-- Data provided --

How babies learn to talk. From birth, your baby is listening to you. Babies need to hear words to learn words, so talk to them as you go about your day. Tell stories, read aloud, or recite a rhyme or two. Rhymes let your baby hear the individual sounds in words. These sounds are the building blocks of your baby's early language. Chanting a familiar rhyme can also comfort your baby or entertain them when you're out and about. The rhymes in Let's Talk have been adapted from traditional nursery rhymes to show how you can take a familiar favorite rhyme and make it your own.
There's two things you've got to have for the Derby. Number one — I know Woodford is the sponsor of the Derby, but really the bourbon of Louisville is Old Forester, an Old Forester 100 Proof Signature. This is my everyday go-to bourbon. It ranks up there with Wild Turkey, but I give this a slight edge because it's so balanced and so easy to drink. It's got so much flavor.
...
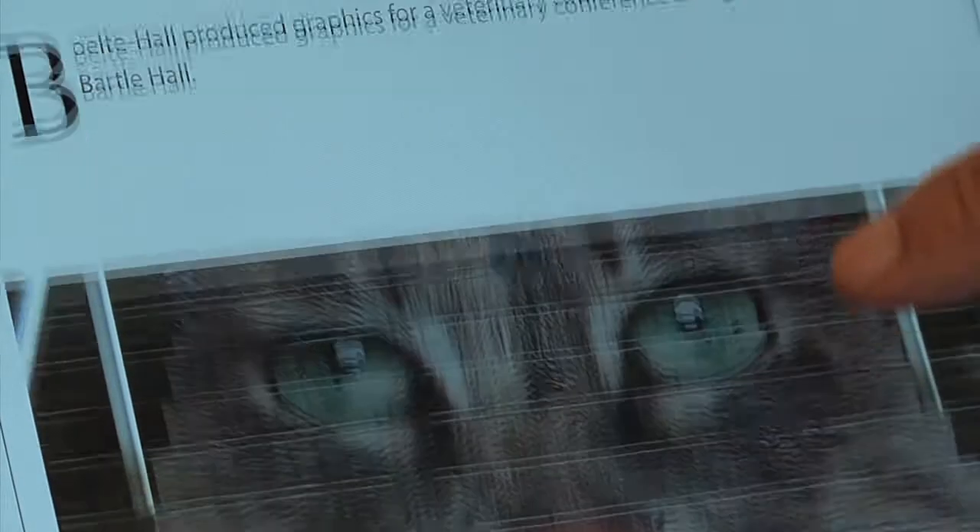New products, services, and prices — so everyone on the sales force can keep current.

-- Exercise --
Please give an exact copy of the lines above, beginning with the line containing "How babies learn" and running through the line containing "There's two things", and of no other lines.

-- Solved problem --
How babies learn to talk. From birth, your baby is listening to you. Babies need to hear words to learn words, so talk to them as you go about your day. Tell stories, read aloud, or recite a rhyme or two. Rhymes let your baby hear the individual sounds in words. These sounds are the building blocks of your baby's early language. Chanting a familiar rhyme can also comfort your baby or entertain them when you're out and about. The rhymes in Let's Talk have been adapted from traditional nursery rhymes to show how you can take a familiar favorite rhyme and make it your own.
There's two things you've got to have for the Derby. Number one — I know Woodford is the sponsor of the Derby, but really the bourbon of Louisville is Old Forester, an Old Forester 100 Proof Signature. This is my everyday go-to bourbon. It ranks up there with Wild Turkey, but I give this a slight edge because it's so balanced and so easy to drink. It's got so much flavor.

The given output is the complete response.